Quantum physics tells us that everything in our universe is energy. The stars, suns, planets, inhabitants and the space between them are all energy. Some energy is more dense than others and it forms matter, while others are more subtle; thoughts, emotions, feelings and so on.
The basic structure of energy is a wave, often referred to as a sine wave, with a crest and a trough. The trough is nothing more than the crest turned upside down. As energy manipulates its waves, it creates new things, each unique from the other. We have all seen pictures of waves and the one consistency of all waves is the straight line that never changes even though the waves and troughs change consistently.
As wave patterns change and create new forms, people, pets and so on, there is still the presence of that imaginary straight line in all of us. That straight line represents our awareness of ourselves and the life that we live. The mystics call this the Tao (pronounced Dao), that center of self that is always there in awareness no matter what happens. If I were to ask you to think back over your life and remember the many changes that have occurred, you might realize that the one and only thing that has never changed is your awareness of yourself in each of those experiences.
Life presents itself, as it should, in wave forms, with crests and troughs. We often refer to them as the good and bad or good and evil. Maybe the peaks are good and the troughs are bad. What life must do, being waves, is to have an equal amount of peaks and troughs. This will not be denied.
M. Scott Peck, in his powerful book, The Road Less Traveled, says in the first sentence, Life is difficult. Then, he goes on to examine that if one can really accept this and allow life to do as it will, the difficulty seems to subside. The underlying truth is that resistance to life is what causes the suffering.
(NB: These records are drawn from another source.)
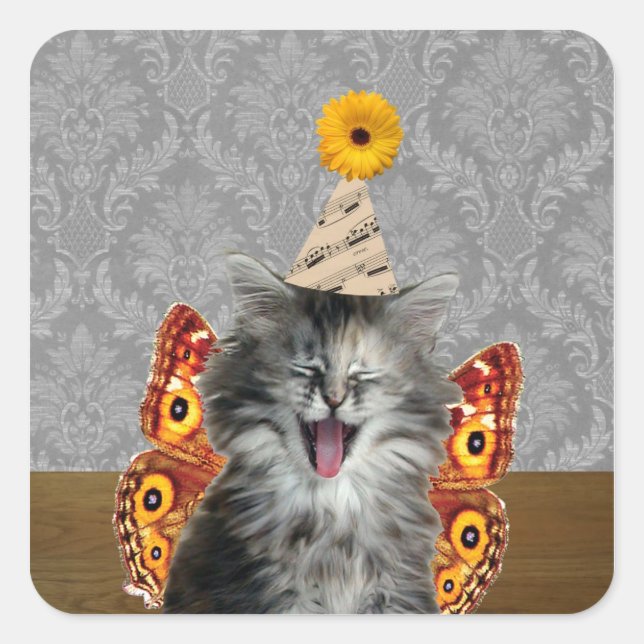 Adesivo Quadrado Baquetas de gato riscando muito bem (Frente)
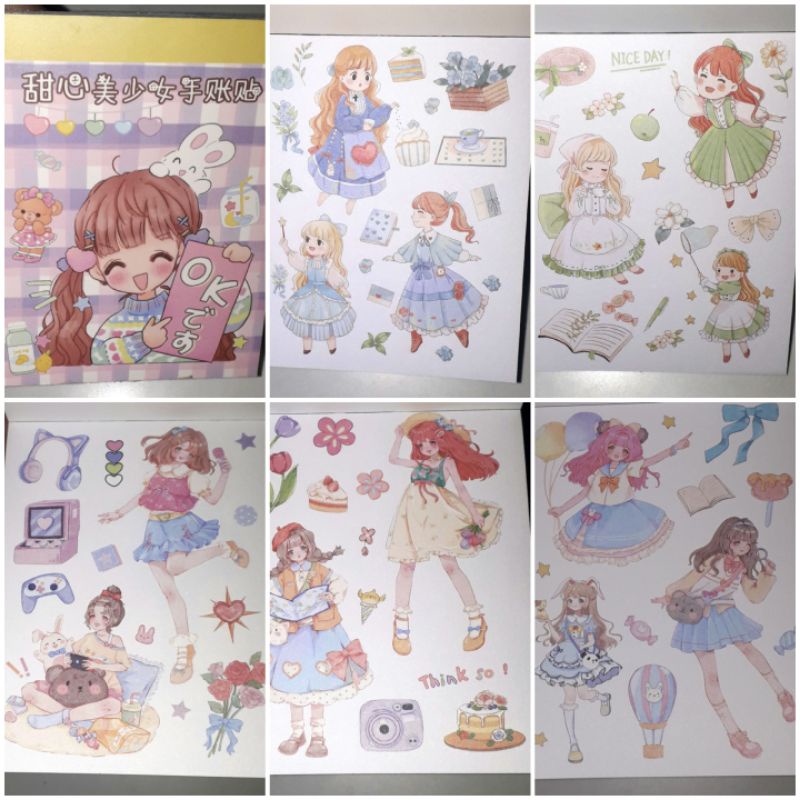 Một cuốn có 24 tờ dán sticker kích thước 6.5x8.5cm có 2 mẫu rất đẹp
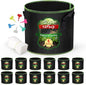5 Gallon Grow Bags 12 Pack - Thickened Nonwoven Aeration Planter Bags with Handles, Plant Tags & Seedling Bags, Heavy Duty Black Fabric Pots for Vegetable Gardening Garden Outdoor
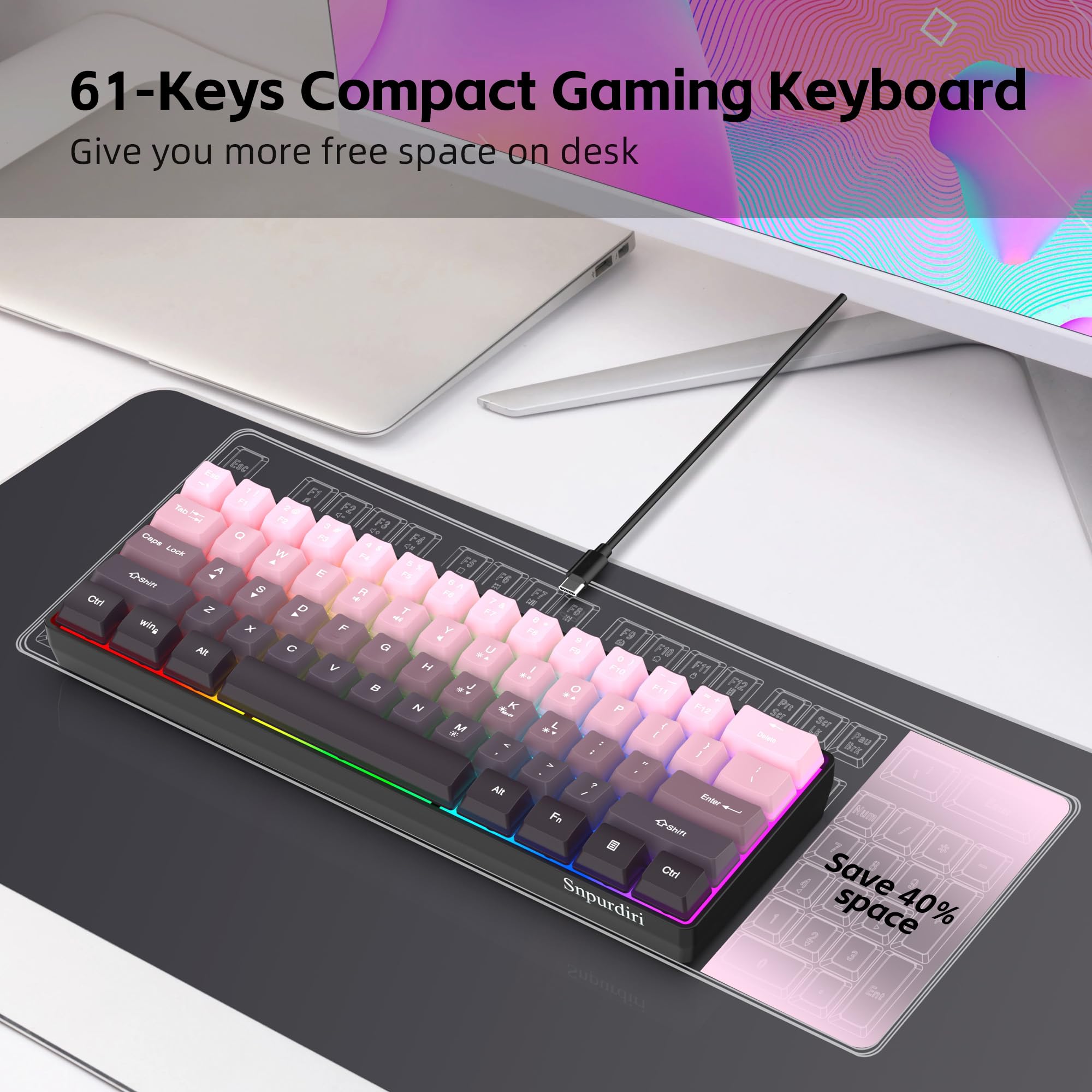 Snpurdiri 60% Wired Gaming Keyboard, Pink-Black view 4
We humans have developed the ability to not only have experiences, but to judge them as good or bad. So, we spend most of our lives, judging experiences, categorizing them as one or the other, and attempt to control our lives in hopes that we will have more good experiences than bad. As I mentioned above, this can’t happen. It goes against the laws of the universe.
I read a story the other day about a lady who won an 18 million dollar lottery. She was a poor, single lady with four children. She struggled to make ends meet and relied on her mother to support her. When she won the lottery, she believed all of her troubles would end. The money that she did not have, represented security, peace and happiness. After receiving the money, she learned about the laws of life, nothing good comes without and equal amount of bad. In not time, she was surrounded by problems that she had never imagined. A year later, she gave the money back. It had almost ruined her life.
Our pets are not like us. They don’t judge experiences and categorize them as good or bad. They have good experiences and bad, like all of life, but they don’t attach a story to it and suffer trying to make the good ones outweigh the bad. They are aware of the center line of the wave, the Tao. It is good to think that if M. Scott Peck is right that perhaps their bad experiences aren’t as bad as we would believe them to be.
Maybe one of the purposes of our pets coming into our lives is to teach us how to stay on the middle pathway as well, to allow the good and bad and accept them equally as part of life. It might help relieve some of the suffering.